Savarin

Savarin

1 package active dry yeast
1/4 cup lukewarm water
1 1/2 cups sifted enriched flour
1 Tablespoon sugar
1/2 teaspoon salt
2 large eggs
1/4 cup milk
2/3 shortening
1 Tablespoon seedless raisins
1 Tablespoon currants
Apricot sauce
Fresh, canned or frozen fruits
Whipped cream

Soften yeast in water.

Combine flour, sugar and salt in mixing bowl.  Stir in yeast, slightly beaten eggs and milk.  Beat until batter is smooth, about 100 strokes.

Add shortening, raisins, and currants.  Beat until shortening is blended into batter.  Spoon batter into a 10-inch greased ring mold.  Let rise until batter is rounded over rim of mold, about 1 hour.

Bake at 400 degrees for 12 to 15 minutes, or until browned.  Unmold while hot.

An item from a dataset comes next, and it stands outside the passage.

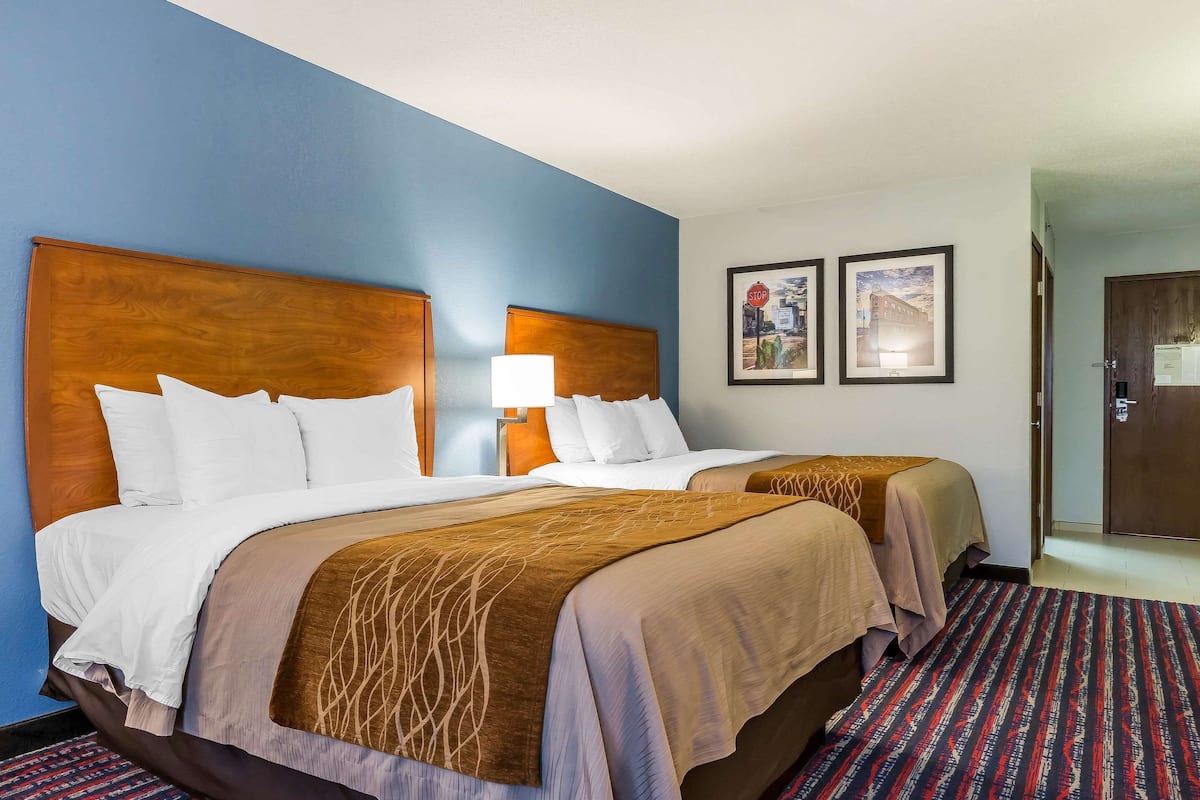 A hotel room with two beds, a patterned carpet, and a door to the right.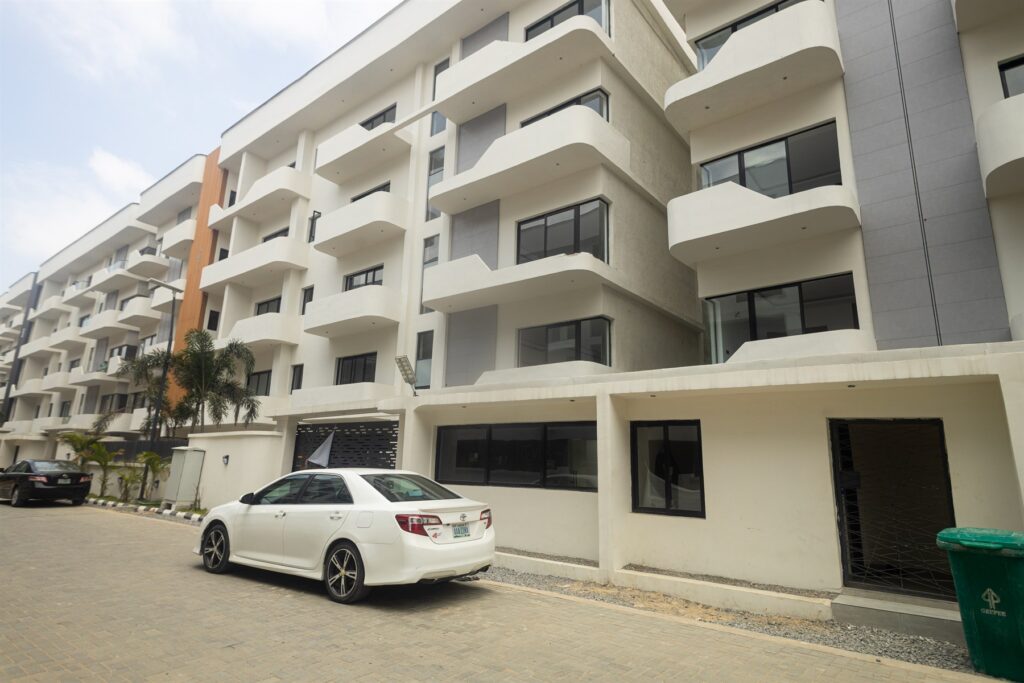 Brum Height 7: Apartment frontage with balconies and roadside parking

Before serving saturate the savarin with apricot sauce and fill center of ring with fresh, canned or frozen fruit sweetened to taste.  If desired, garnish with whipped cream.

Apricot Sauce

3/4 cup sugar
1 1/2 cup apricot nectar
2 teaspoons lemon juice

Combine sugar and apricot nectar and boil rapidly 5 minutes.  Remove from heat and stir in 2 teaspoons lemon juice.  For apricot-rum-sauce, add 2 to 4 Tablespoons rum with lemon juice.